Saturday marks the annual Mountain Life Festival in the Great Smoky Mountains national park

Visitors this Saturday to the Great Smoky Mountains national park should make sure to stop by the Mountain Farm Museum next to the Oconaluftee visitor center where from 10 am to 4 pm the annual Mountain Life Festival will be taking place.

Here at the Farm Museum visitors will be able to see first hand a tradition that has been taking place for almost 40 years here in the Great Smoky Mountains national park - the sorghum syrup demonstration.

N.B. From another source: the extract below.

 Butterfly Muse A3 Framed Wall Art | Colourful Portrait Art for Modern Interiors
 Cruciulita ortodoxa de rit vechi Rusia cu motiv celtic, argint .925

Sorghum syrup was a stable food in the diet of those that inhabited the land that became the Great Smoky Mountains national park. Park staff, students and volunteers from Swain County High School will be making sorghum syrup by using a horse-powered cane mill and wood-fired cooker - the same way it was made more than 100 years ago.

Marshall Crowe and the Bluegrass Singers

Besides the live Appalachian music performed by Marshall Crowe and the Bluegrass Singers, you will get to see live demonstrations traditional toy making, hearth cooking, hominy making, apple butter, apple cider, soap making. There will also be a display of farm implements, historic photographs from the national park's archives and an artifact collection.

live demonstrations traditional toy making, hearth cooking, hominy making, apple butter, apple cider, soap making

The hominy making demonstration will be made by the Woodard family from Bryson City, NC. Also on hand will be well-known naturalist, author and native plants instructor Ila Hatter from Stecoah, NC and Ron and Suzanne Joyner from Big Horse Creek Farm in Ashe County, NC who maintains more than 300 varieties of custom-grafted heirloom apple trees on their family-owned orchard and nursery.

While you are here at the farm museum stroll around and be immersed in the Appalachian history of the park. Go take a walk along the Oconaluftee River Hiking Trail which is easy and level and one of the best handicapped accessible trails in the park.

All of these events are free to the public. To get to the farm museum take Newfound Gap Road (US 441) just 2 miles north of the Cherokee North Carolina entrance to the Great Smoky Mountains national park.